La producción desenfrenada de prendas ha llevado a la industria del vestido a ser una de las más contaminantes del mundo. La gran oportunidad es reutilizar la ropa que ya ha sido producida, la cual, dicho sea de paso, puede dotarnos de un toque de originalidad
Camino por las calles de la cosmopolita Barcelona acompañado por uno de mis hijos de 13 años. De pronto, entre las múltiles tiendas que abarrotan esta capital europea de la moda, el adolescente se siente atraído magnéticamente por una tienda a la que me pide entrar: “está épica”, me dice emocionado.

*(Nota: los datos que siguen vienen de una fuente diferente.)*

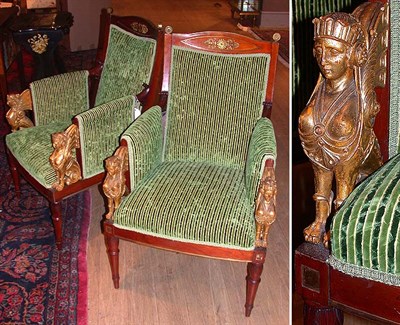 Lot 378 - Pair of Empire Gilt-Bronze Mounted Parcel Gilt...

El establecimiento se llama Humana y su giro comercial es vender ropa recuperada bajo el sello de “vintage”, palabra cuyo origen viene del término francés “vendenge”, que significa “cosecha” o “vendimia”. Originalmente, se utilizaba en el contexto de la producción de vino para referirse a la cosecha de uvas de un año específico. Con el tiempo, su significado se amplió para describir objetos, prendas de vestir o productos que tienen cierta edad y que se consideran representativos de una época pasada.
Me siento en un cómodo sofá a esperar a mi hijo. Imposible no pensar en las palabras del sociólogo Edward Salazar, quien estudia la moda y la define como un fenómeno cíclico y efímero cuyo fin último es matarse y volver a empezar.
Un ciclo que —reflexiono— se ha convertido en una trampa insalvable para el ser humano. De acuerdo con un estudio de la revista Nature, en los últimos 40 años, las grandes marcas han duplicado la producción de prendas de 5.9 a 13 kg al año. ¿A qué se debe esta producción desproporcionada que supera por mucho la necesidad de vestirnos?
La respuesta está en el fast fashion, una actividad que impone tendencias y construye mercados instantáneamente, lanzando microtemporadas casi semanalmente a precios muy bajos y que, por si no bastara, promete aumentar su producción actual de 62 millones de toneladas de productos textiles por año a 102 millones de toneladas para el 2030.